● EXERCISE DIRECTIONS: Copy all entries exactly, and wherever an entry holds a picture, leave that picture out.
------------------------------
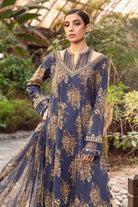 Unstitched M.Prints | MPT-2110-B Maria B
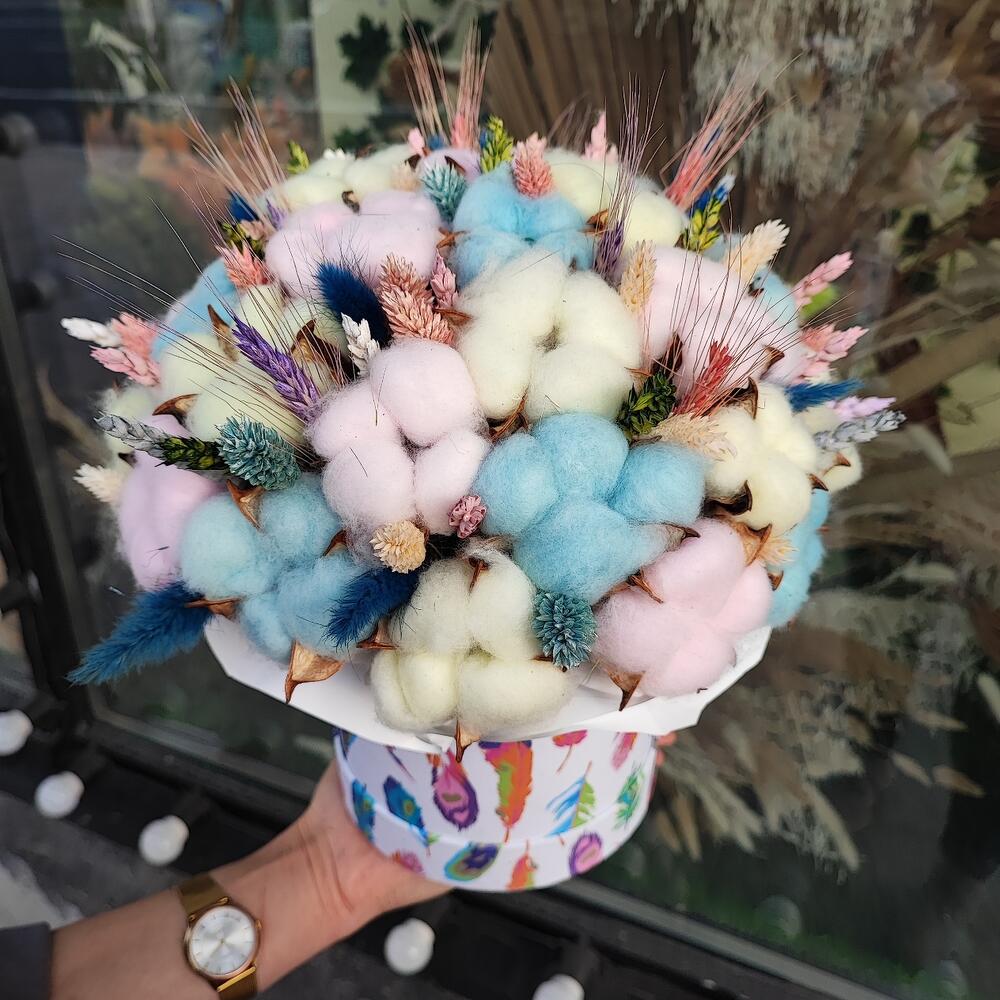Микс из Сухоцвет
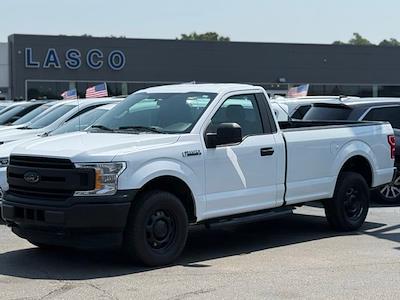 2018 Ford F-150 Regular Cab 4x4 Pickup for sale #CP32958 - photo 1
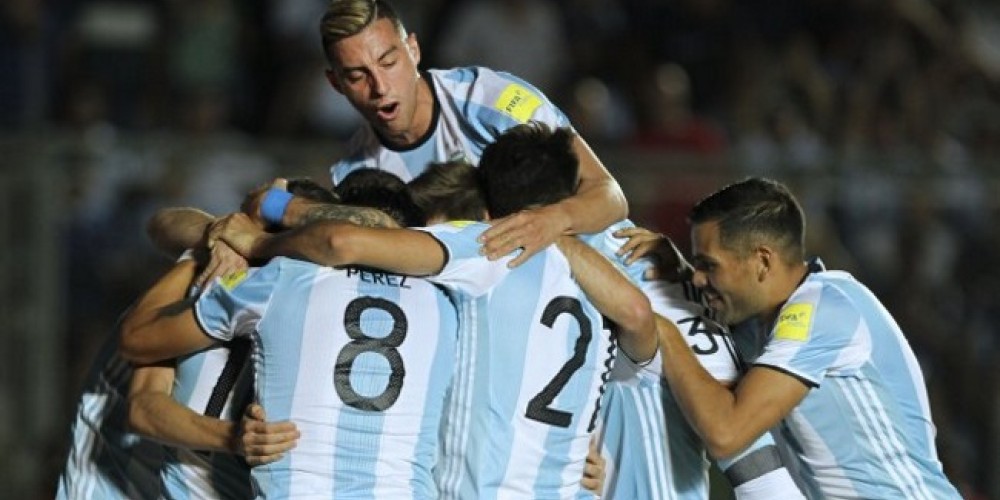 Sampaoli convoc&oacute; un equipo de 645 millones de d&oacute;lares para visitar a Rusia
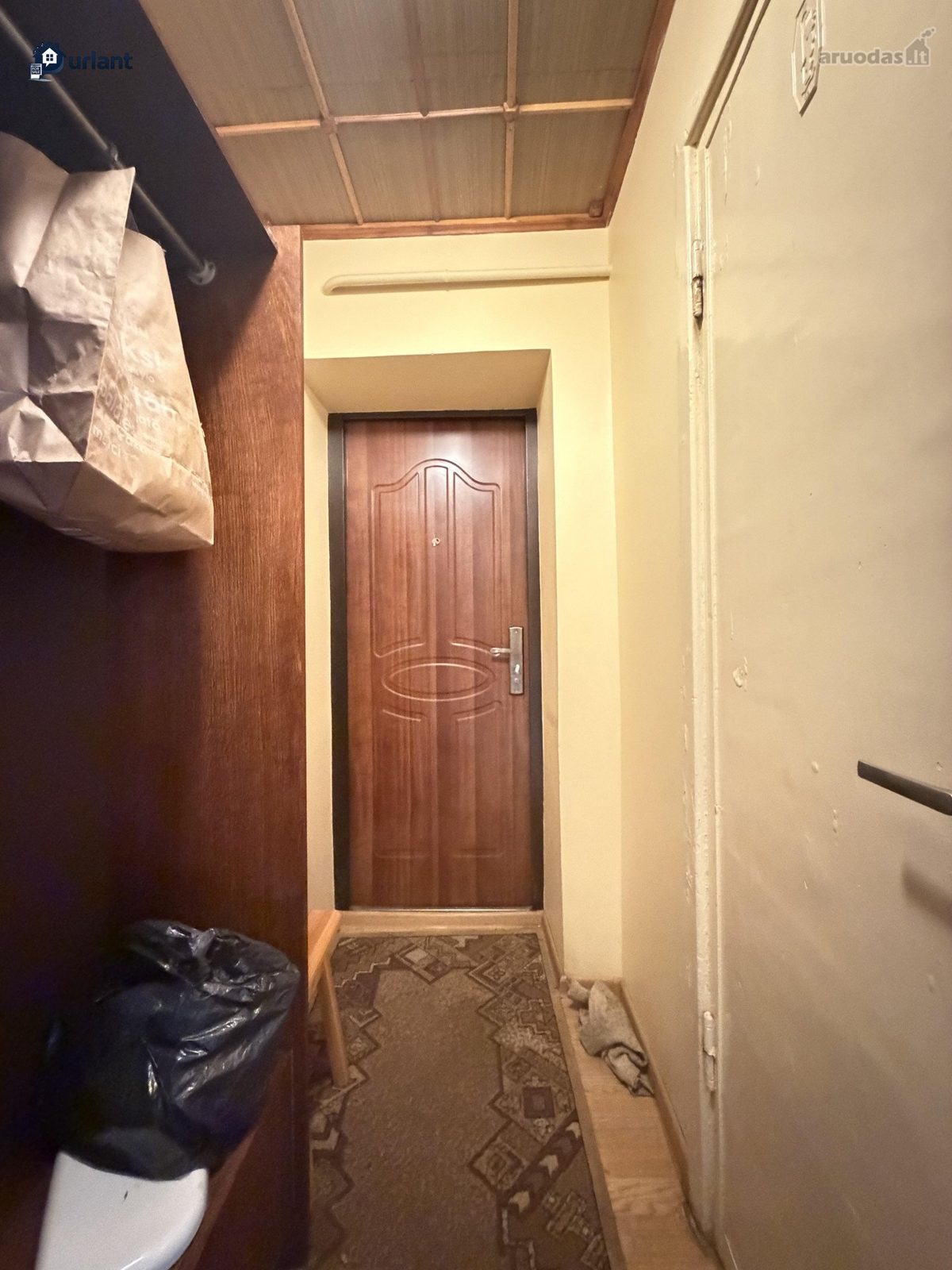 2-room apartment for sale — Šiauliai, Centras, Tilžės g. — photo 8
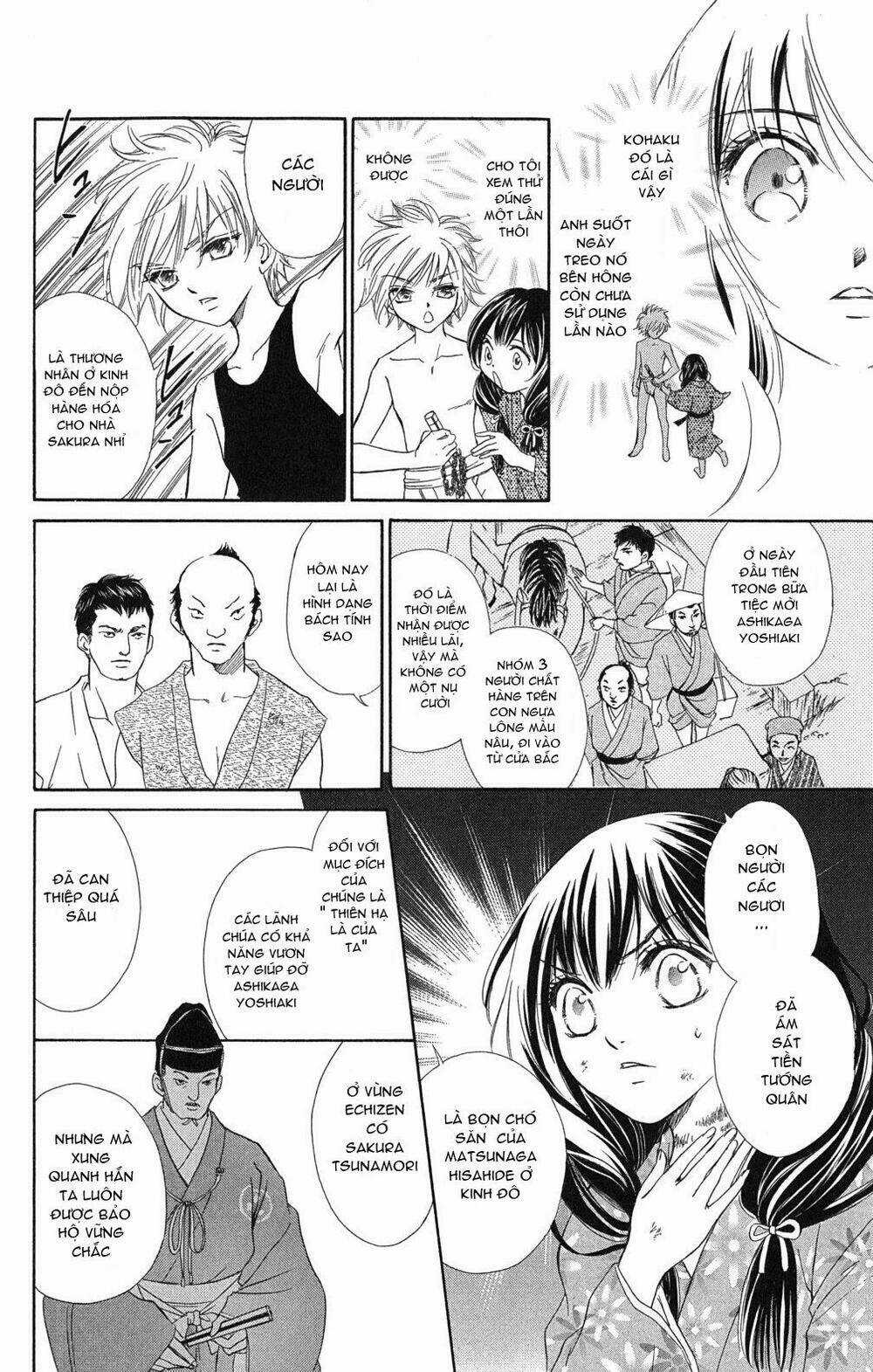 Kashura Chapter 1.3 trang 8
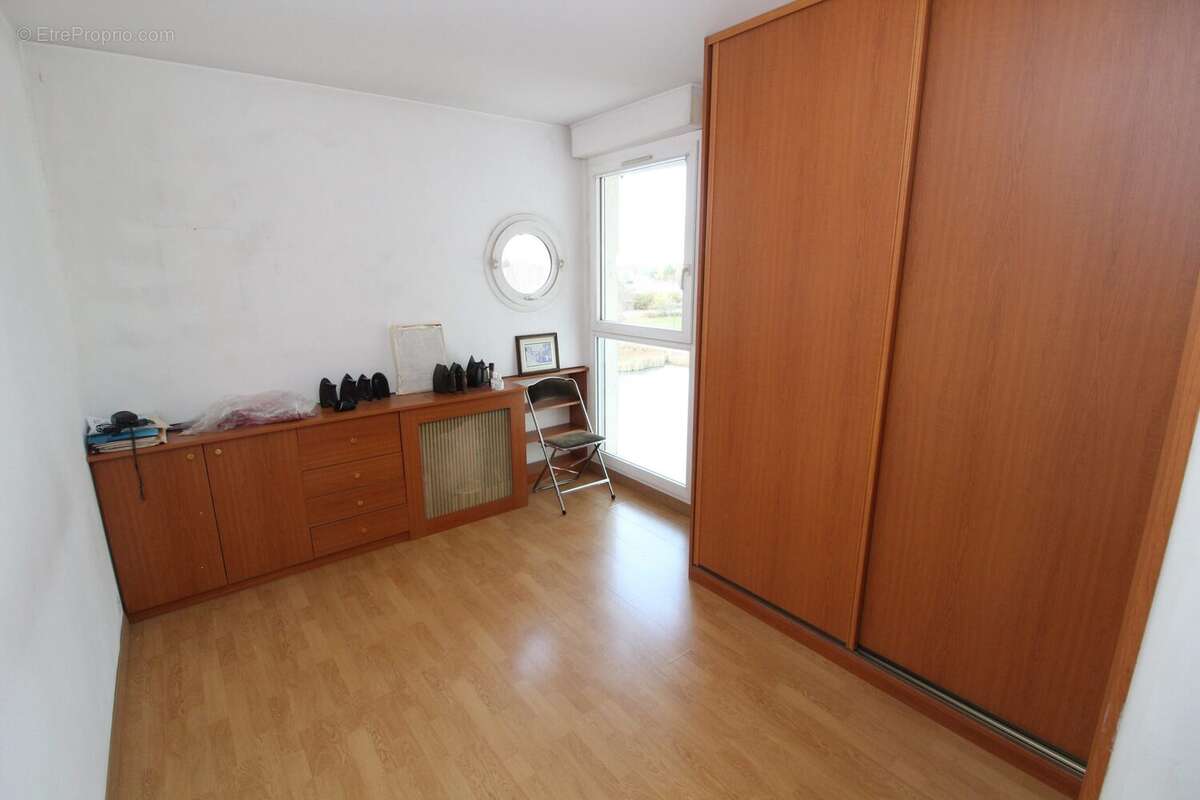 Appartement à GUYANCOURT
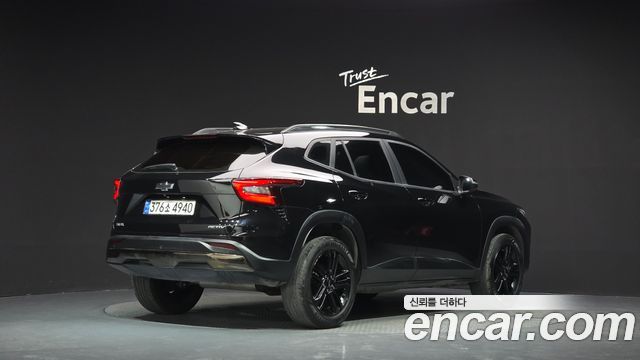 Chevrolet Trax Crossover 1.2 ACTIV 2024 — фото 2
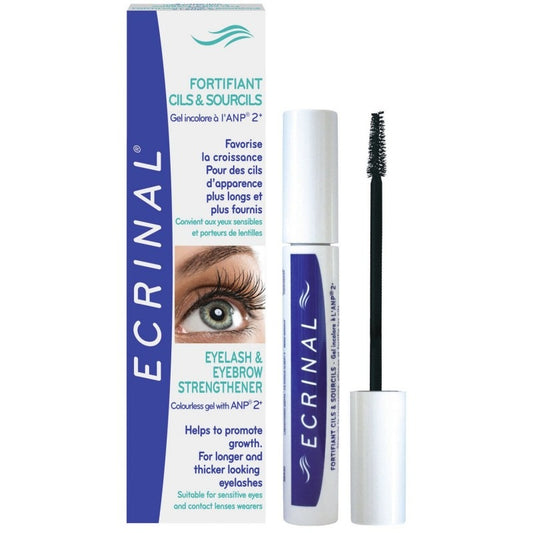 Ecrinal, Gel Sourcils Fortifiant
------------------------------
● FINAL ANSWER:
 Unstitched M.Prints | MPT-2110-B Maria B
Микс из Сухоцвет
 2018 Ford F-150 Regular Cab 4x4 Pickup for sale #CP32958 - photo 1
 Sampaoli convoc&oacute; un equipo de 645 millones de d&oacute;lares para visitar a Rusia
 2-room apartment for sale — Šiauliai, Centras, Tilžės g. — photo 8
 Kashura Chapter 1.3 trang 8
 Appartement à GUYANCOURT
 Chevrolet Trax Crossover 1.2 ACTIV 2024 — фото 2
 Ecrinal, Gel Sourcils Fortifiant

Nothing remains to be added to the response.